LONDON (Reuters) - Britain’s top shares index is expected to lose ground over the coming year, a Reuters poll found, amid concerns over Britain’s exit from the European Union and the path of interest rates.
Jitters before November’s U.S presidential election, pitting Democrat Hillary Clinton against Republican Donald Trump, are expected to add pressure to stock markets in coming weeks.
The Reuters poll of around 30 traders, fund managers and strategists gave a median end-2016 forecast for the FTSE 100 of 6,800 points, a decline to 6,750 points by June 2017 and then a gain to 7,000 points by the end of 2017.

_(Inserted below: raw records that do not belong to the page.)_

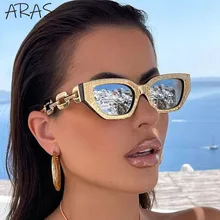 Fashion Small Cat Eye Sunglasses Women Trending Product 2023 Luxury Brand Cateye Chain Leg Sun Glasses Ladies Black Shades UV400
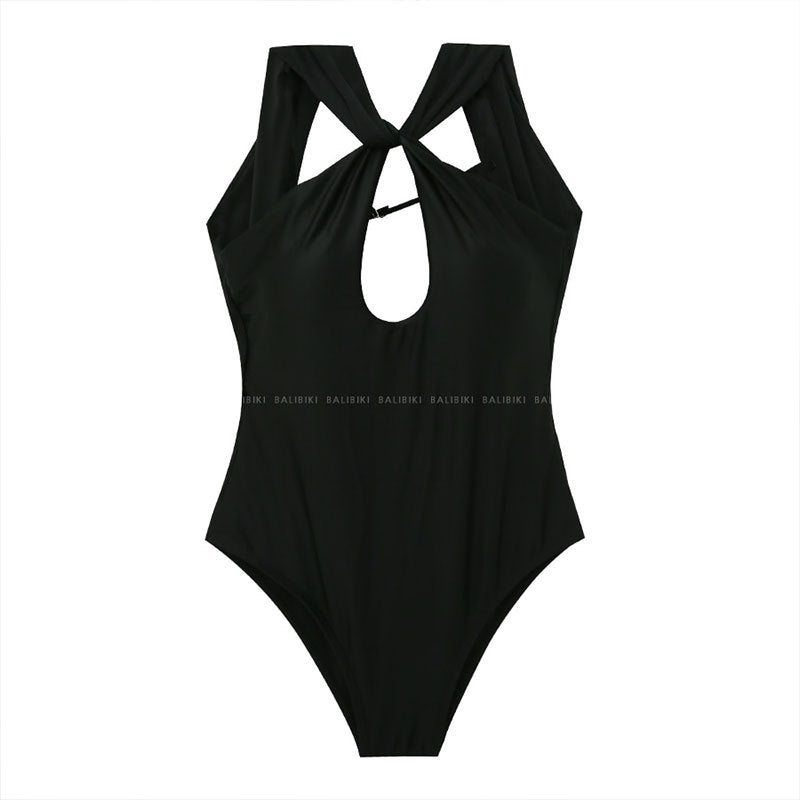 Damen Einteiler Badeanzug mit elegantem Knotendesign und tiefem V-Ausschnitt R&B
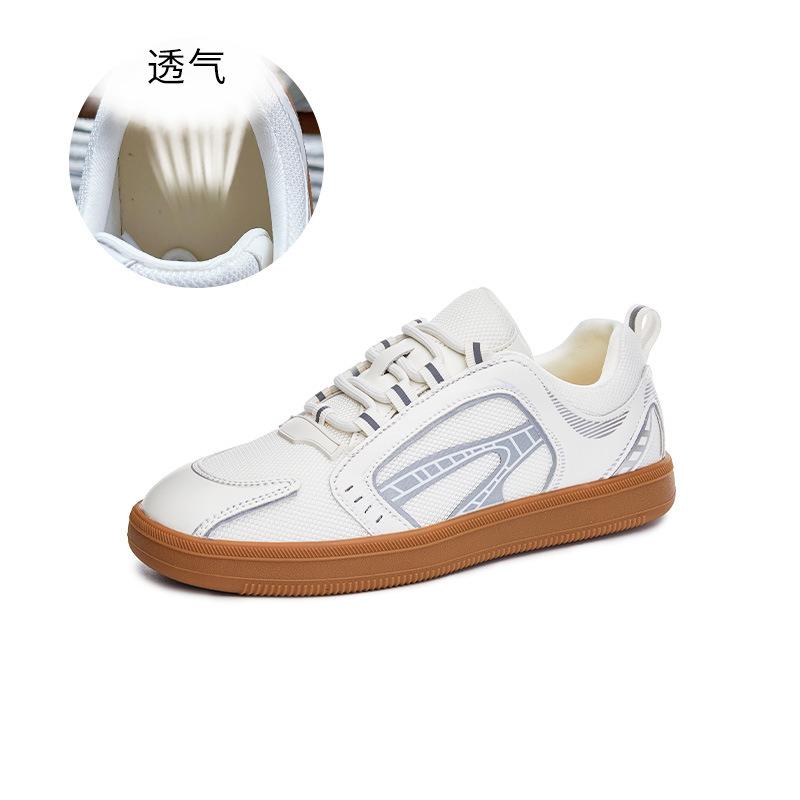Leather High-heeled German Training Shoes Women's 2025 Summer New Mesh Breathable Casual Versatile White Shoes Sports Women's Shoes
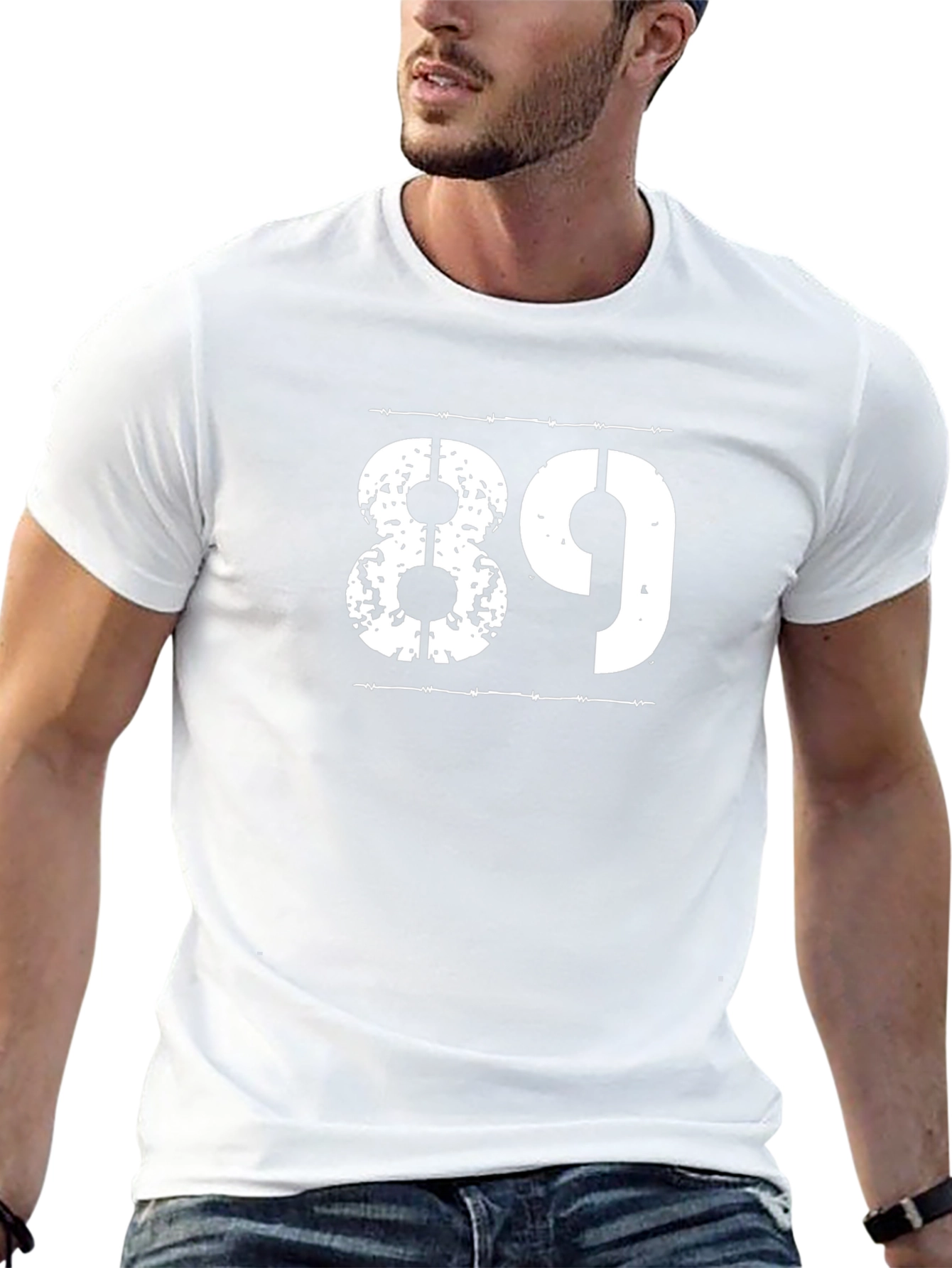 89 Graphic T-Shirt - Black Cotton Blend Tee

On Monday, the index closed at a 16-month high of 6,983.52, boosted by a tumbling pound, which fell on new worries over Brexit. The median forecast points to a 3 percent fall from there to the end of 2016 and a 0.2 percent gain from there to the end of 2017.
The FTSE 100 rose further on Tuesday, going over 7,000 points for the first time since mid-2015, as the slump in sterling boosted the FTSE’s internationally focused, export-driven stocks, which often benefit from a weaker pound.
Nevertheless, many traders and strategists expected such gains to be relatively short-lived. Among leading investment banks, Goldman Sachs forecast the FTSE 100 ending 2016 at 6,600 points, while UBS predicted 6,500 points.
“We will go into a negative phase, as the prospect of a hard Brexit unsettles the market, confidence wanes in central bank actions, and as we face uncertainty in the U.S. before and after the Presidential elections,” said Berkeley Futures associate director Richard Griffiths.
British Prime Minister Theresa May said this week she would begin the process of leaving the EU by the end of March 2017.
Many analysts and economists said her comments indicated a “hard Brexit” - abandoning the EU’s customs union and giving up on seeking preferential access to the single market.
In addition, the Federal Reserve is poised to raise U.S. rates while Britain and the European Central Bank keep rates at record lows. Concerns are growing that negative interest rates will hit the profits of British and European banks.
“The lack of earnings growth remains a big concern for me, and the Fed is moving towards tightening, which will be a near- to medium-term negative for markets at the same time that the ECB is unwilling to ease further,” said Hantec Markets’ analyst Richard Perry.